> Problem to work on
Reproduce, exactly, the lines of the material below from the line containing "Flat lay of" through the line containing "A walker on", with both end lines included and nothing else.

BEGIN Dataset records

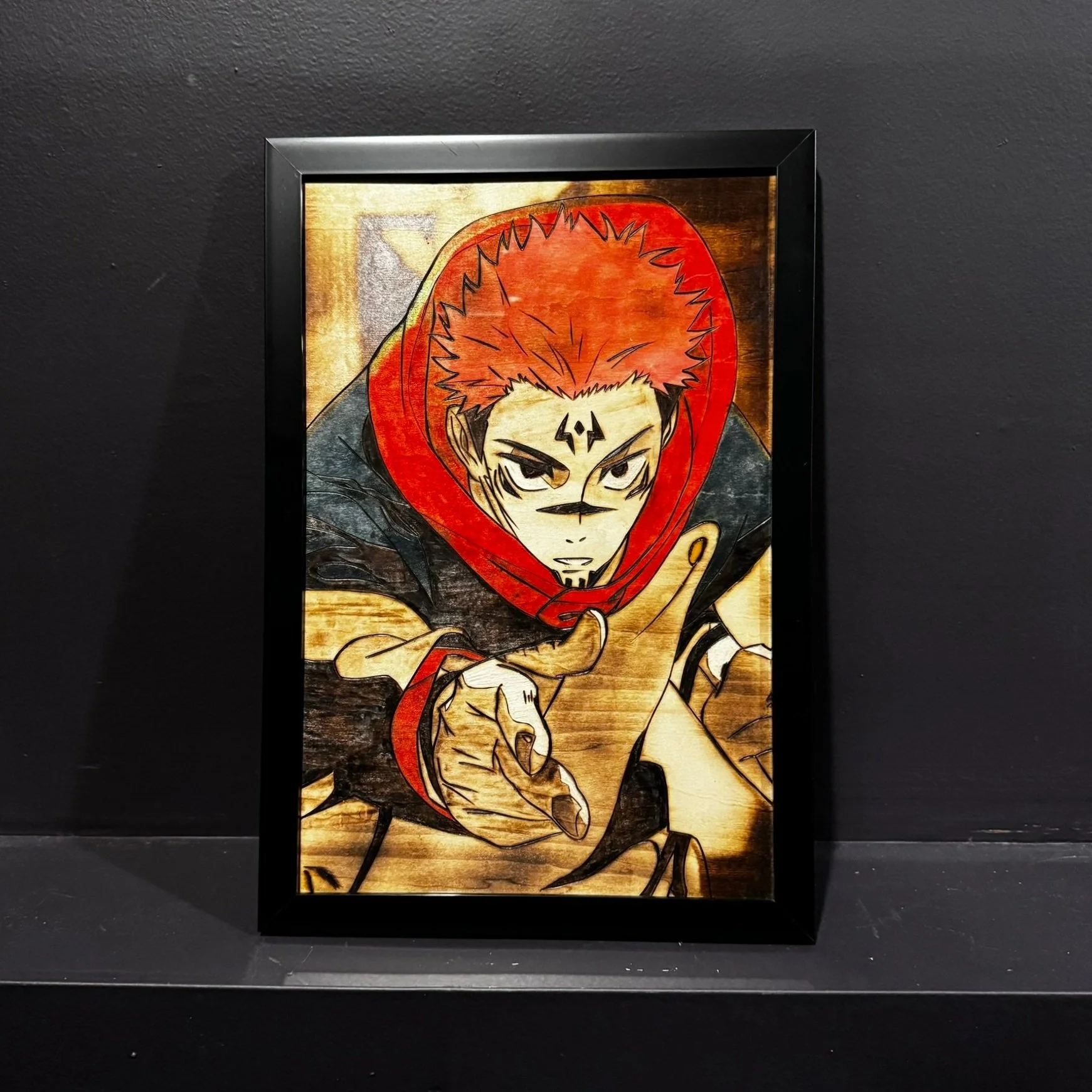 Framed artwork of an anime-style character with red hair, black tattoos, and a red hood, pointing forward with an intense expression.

END Dataset records
BEGIN Dataset records

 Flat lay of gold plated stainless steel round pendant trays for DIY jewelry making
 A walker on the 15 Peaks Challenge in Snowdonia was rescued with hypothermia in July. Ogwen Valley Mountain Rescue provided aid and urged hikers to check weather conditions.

END Dataset records

> Written answer
 Flat lay of gold plated stainless steel round pendant trays for DIY jewelry making
 A walker on the 15 Peaks Challenge in Snowdonia was rescued with hypothermia in July. Ogwen Valley Mountain Rescue provided aid and urged hikers to check weather conditions.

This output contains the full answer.